_PROBLEM STATEMENT_
Only the lines from the line holding "T-shirt En Tri-matière" through the final line of the entries below are to be returned, exactly as they stand.

_EXERCISE DATA_
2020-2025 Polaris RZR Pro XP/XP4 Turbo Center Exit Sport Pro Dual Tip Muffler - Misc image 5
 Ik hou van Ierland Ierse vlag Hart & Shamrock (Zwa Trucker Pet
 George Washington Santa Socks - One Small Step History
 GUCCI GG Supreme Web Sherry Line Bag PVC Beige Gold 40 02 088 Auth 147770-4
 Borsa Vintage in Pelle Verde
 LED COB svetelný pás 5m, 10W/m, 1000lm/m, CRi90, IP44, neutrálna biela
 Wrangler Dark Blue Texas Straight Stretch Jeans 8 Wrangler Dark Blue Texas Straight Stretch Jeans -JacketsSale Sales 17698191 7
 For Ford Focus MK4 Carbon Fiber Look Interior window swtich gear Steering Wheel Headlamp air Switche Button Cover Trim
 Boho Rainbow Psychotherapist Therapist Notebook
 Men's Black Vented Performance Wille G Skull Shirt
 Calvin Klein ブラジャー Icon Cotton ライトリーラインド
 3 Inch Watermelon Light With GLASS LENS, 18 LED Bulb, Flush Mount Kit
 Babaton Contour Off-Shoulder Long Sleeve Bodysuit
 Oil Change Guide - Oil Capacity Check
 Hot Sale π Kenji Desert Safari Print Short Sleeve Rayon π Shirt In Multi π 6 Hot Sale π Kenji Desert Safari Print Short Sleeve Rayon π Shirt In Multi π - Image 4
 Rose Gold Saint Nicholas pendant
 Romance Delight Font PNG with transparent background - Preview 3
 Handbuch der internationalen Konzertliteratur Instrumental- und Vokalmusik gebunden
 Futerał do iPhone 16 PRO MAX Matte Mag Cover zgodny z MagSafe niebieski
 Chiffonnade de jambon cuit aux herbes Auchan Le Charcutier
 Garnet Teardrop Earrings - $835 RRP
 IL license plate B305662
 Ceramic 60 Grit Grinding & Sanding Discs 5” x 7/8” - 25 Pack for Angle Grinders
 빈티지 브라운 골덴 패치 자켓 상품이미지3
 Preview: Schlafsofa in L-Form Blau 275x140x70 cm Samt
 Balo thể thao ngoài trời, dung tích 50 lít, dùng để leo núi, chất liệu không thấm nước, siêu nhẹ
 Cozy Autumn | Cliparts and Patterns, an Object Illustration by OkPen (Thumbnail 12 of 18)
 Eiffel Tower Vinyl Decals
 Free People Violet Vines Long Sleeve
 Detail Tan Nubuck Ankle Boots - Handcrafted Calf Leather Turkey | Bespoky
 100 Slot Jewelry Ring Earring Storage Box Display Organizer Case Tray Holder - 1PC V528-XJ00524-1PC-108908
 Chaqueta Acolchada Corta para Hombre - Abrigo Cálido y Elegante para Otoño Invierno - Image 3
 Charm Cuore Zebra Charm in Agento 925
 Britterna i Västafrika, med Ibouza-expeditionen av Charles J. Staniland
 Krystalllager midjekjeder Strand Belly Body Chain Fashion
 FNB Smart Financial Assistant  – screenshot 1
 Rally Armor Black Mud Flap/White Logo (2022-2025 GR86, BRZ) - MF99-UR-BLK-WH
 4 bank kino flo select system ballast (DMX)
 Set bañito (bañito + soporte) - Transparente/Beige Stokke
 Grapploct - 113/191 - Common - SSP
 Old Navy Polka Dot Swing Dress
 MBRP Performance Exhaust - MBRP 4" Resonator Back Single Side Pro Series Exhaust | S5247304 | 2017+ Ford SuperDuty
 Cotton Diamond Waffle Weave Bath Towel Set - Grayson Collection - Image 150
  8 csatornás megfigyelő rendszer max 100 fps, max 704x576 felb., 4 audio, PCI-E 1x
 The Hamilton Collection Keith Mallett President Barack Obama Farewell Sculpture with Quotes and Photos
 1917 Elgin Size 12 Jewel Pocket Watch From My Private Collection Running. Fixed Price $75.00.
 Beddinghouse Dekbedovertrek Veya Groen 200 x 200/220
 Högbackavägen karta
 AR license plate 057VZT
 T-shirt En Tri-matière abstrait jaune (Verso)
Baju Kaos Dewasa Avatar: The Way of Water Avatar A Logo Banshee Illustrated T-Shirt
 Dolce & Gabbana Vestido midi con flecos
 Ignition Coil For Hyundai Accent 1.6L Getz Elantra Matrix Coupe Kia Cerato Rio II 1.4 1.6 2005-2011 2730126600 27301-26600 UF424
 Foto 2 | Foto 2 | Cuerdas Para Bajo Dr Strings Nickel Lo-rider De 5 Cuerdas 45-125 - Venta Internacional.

_WRITTEN REPLY_
 T-shirt En Tri-matière abstrait jaune (Verso)
Baju Kaos Dewasa Avatar: The Way of Water Avatar A Logo Banshee Illustrated T-Shirt
 Dolce & Gabbana Vestido midi con flecos
 Ignition Coil For Hyundai Accent 1.6L Getz Elantra Matrix Coupe Kia Cerato Rio II 1.4 1.6 2005-2011 2730126600 27301-26600 UF424
 Foto 2 | Foto 2 | Cuerdas Para Bajo Dr Strings Nickel Lo-rider De 5 Cuerdas 45-125 - Venta Internacional.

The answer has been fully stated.